When I fart I don't fly off into space, therefore, something is pulling me to the ground, scientists call this gravity, but they could just as easily call it anti-fartivity. The name isn't important.
 
Question said:
As I sit at this computer, gravity ought to be pulling me deep into the bowels of the earth, and yet I am still sitting here.

The electrical forces are stronger.
 
Actually, it's as much to do with Fermi-Dirac statistics of spin-1/2 particles as with electricity.
 
Zombified said:
Actually, it's as much to do with Fermi-Dirac statistics of spin-1/2 particles as with electricity.

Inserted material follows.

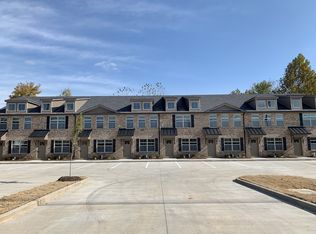 325 Landrum Pl, Clarksville, TN 37043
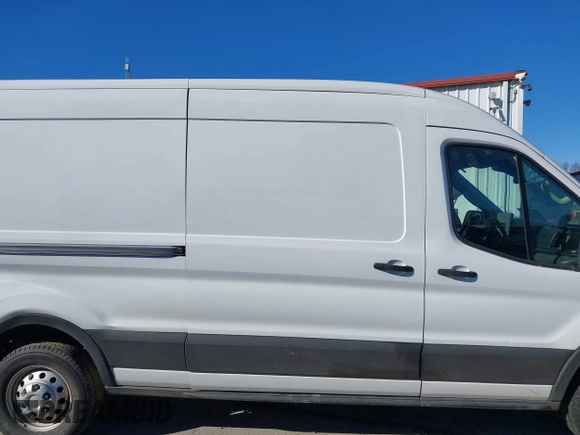 2022 Ford Transit Cargo z VIN 1FTBR2CG0NKA17606, wystawiony jako IAAI lot #41061434 z przebiegiem 64 062 mil mil oraz . Historia ofert i sprzedaży dostępna na DreamBid. Obrazek 13.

Whereas we semi-initiated high-school educated drooling morons prefer to call it in this context, force normal.
 
Zombified said:
It's just a high-falutin' way of saying "matter is solid".
I thought there was no such thing as a solid, that it's just a really impressive illusion.
 
The Central Scrutinizer said:
The Earth sucks.


(That's an old one)
And this sockpuppet sucks.

?, I suggest you post all this in the Humor forum. At least we can then treat it as a joke.

Hans
 
Iconoclast said:
I was going to reply to this thread but my computer floated away.

LOL! Why would your computer float away, just because it was not being pulled to the center of the earth? You commit a false dilemma fallacy.
 
SquishyDave said:
When I fart I don't fly off into space, therefore, something is pulling me to the ground,


A fart is not a very powerful force, and you know that. It would take a truly massive fart to put you into space. Your argument is ridiculous.

scientists call this gravity, but they could just as easily call it anti-fartivity. The name isn't important.

Can no one give me proof of something they claim is so simple?
 
Zombified said:
Actually, it's as much to do with Fermi-Dirac statistics of spin-1/2 particles as with electricity.

When you don't understand something, give it a name eh!
 
It would take no especially strong flatulence to propell somebody into space if there was no force opposing it. All forces are irresistable, as you may recall:

F=MA

So even the smallest bean-butt-crack would have the potential to send one flying, albeit rather slowly.
 
neutrino_cannon said:
It would take no especially strong flatulence to propell somebody into space if there was no force opposing it.


Straw man fallacy. I only said there was no gravity. Do things usually keep moving forever, in your experience?

All forces are irresistable, as you may recall:

F=MA

So even the smallest bean-butt-crack would have the potential to send one flying, albeit rather slowly.
 
Zombified said:
It's just a high-falutin' way of saying "matter is solid".

If matter is solid, then there can't be a force pulling me down to the center of the earth. Thus gravity is falsified.
 
Iconoclast said:
I thought there was no such thing as a solid, that it's just a really impressive illusion.

So it an illusion that I am not at the center of the earth, eh? LOL.